Folks at the University of Chicago finally were able to confirm their contribution. Five thousand scientists and technicians had labored in secret for three years to help “wrest the secret of atomic energy from the universe,” the Tribune wrote. Only the university’s purchasing agent was said to have grasped the enormity of the project because of the “mounds of materials” requisitioned by researchers.
Scientific pride did not replace horror. When J. Robert Oppenheimer, head of the secret weapons laboratory at Los Alamos, New Mexico, witnessed the first test of the bomb in July 1945, he said later, “we knew the world would not be the same.” Some witnesses laughed, some cried. Oppenheimer said he contemplated a line of Hindu scripture: “Now I am become death, the destroyer of worlds.”

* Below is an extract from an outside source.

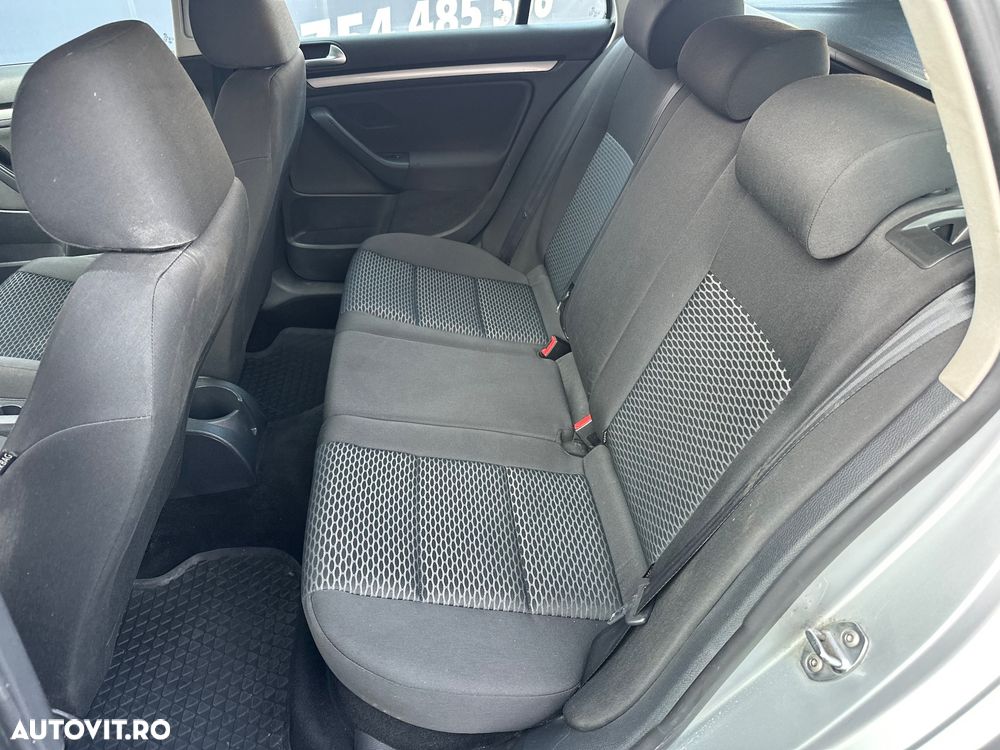 Volkswagen Golf 1.6 TDI BlueMotion Technology DPF Highline - 12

The debate over whether the decision to drop the bomb was right, was moral, is easily misdirected. Japanese military leaders could not win the war, nor could they bring themselves to concede defeat. Until the A-bombing, fighting was certain to continue at tremendous cost to the people of both America and Japan. The Aug. 7 Tribune brought reminders. There were 21 U.S. dead after a destroyer hit a mine in the Philippines. There were 33 Chicago-area men reported wounded in various incidents. Then there was a brief story about an Evanston, Illinois, flyer lost during an air raid on Japan:
Second Lt. Eugene F. Kelly, 22, of Evanston, a bombardier on a B-29 which participated in the first raid over Tokyo, was killed March 11 en route to a B-29 raid on Nagoya, his parents have been advised. Kelly, who attended Northwestern University for two years, is survived by his widow, Mrs. Dorothy Nelson Kelly.